Well, shoot. Maybe you guys are this obsessive. You people make me giggle, but understand, I'm not laughing with you -- I'm laughing at you.
From: Florida Gator
While real men are working in the real world, Gregg Doyel sits on his couch with a bag of Doritos, a handful of Oreos, a six-pack of Budweiser, and a laptop computer -- in a futile attempt to convince aforementioned real men that he is somehow smarter than they are. Gregg thinks that watching Jon Stewart and shaving his head makes him a force to be reckoned with.
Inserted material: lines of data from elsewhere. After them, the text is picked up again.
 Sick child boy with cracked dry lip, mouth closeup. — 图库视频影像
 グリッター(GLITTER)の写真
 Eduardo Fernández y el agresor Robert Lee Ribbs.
Don't let me stop you -- you have promise as a fiction writer -- but I don't eat Doritos or Oreos, I don't drink beer, and I don't watch Jon Stewart. But wait a minute ... I do own a laptop. How could you possibly know that??!!? You bugged my house, you pervert??
From: Marvin Gardens
You're a lot like Barry Hussein Obama. Except you actually graduated college with a grade point average above 2.2, and you're not married to a 6-foot tall woman who weighs 200 pounds and has a permanent scowl on her face. Obama is the 44th President, yet he acts like he's the FIRST President to ever inherit the economy and ...
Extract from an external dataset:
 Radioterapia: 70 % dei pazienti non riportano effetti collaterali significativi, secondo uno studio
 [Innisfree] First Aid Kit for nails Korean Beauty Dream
Enough. Go away. Talk amongst yourselves or something. For the love of ...
From: George Ulrich
I saw a picture of you throwing a jab in some kind of sparring session. You look set up for a counter right in that pic. You have the shoot-an-arrow jab disease that plagues a few boxers. You're reaching to land a jab, instead of stepping into it. Most fighters with a healthy fear of being countered do this. Let go of the fear, and step in there, keep your chin tucked, and for god's sake bring your left hand in to protect that giant target you call a head.
You sound like you know what you're talking about, and I'm sure you're right about everything you typed except for one thing: When I spar, even with a former pro MMA fighter (and former pro boxer) like the dude in that picture, I'm not afraid of being hit. That's my biggest problem, really: I'm a punching bag. I like being hit. Not a lot of skill, but heart for days.
From: Sid Dinsdale
I just read your column about Nebraska basketball. The name on the arena here, Pinnacle Bank, is our family's company. We are paying $11 million-plus for the naming rights because we believe Coach Osborne will make the high-profile hire. Our basketball program is like a struggling business with a great upside. We still drew 7,000 fans to Big Ten games with a last-place team. Thanks for writing about Nebraska basketball. I hope we give you a good reason to write about it again.
Nice email. This is what the week was going to look like -- this, and a whole lot of unwanted political nonsense -- until North Carolina fans saved us all.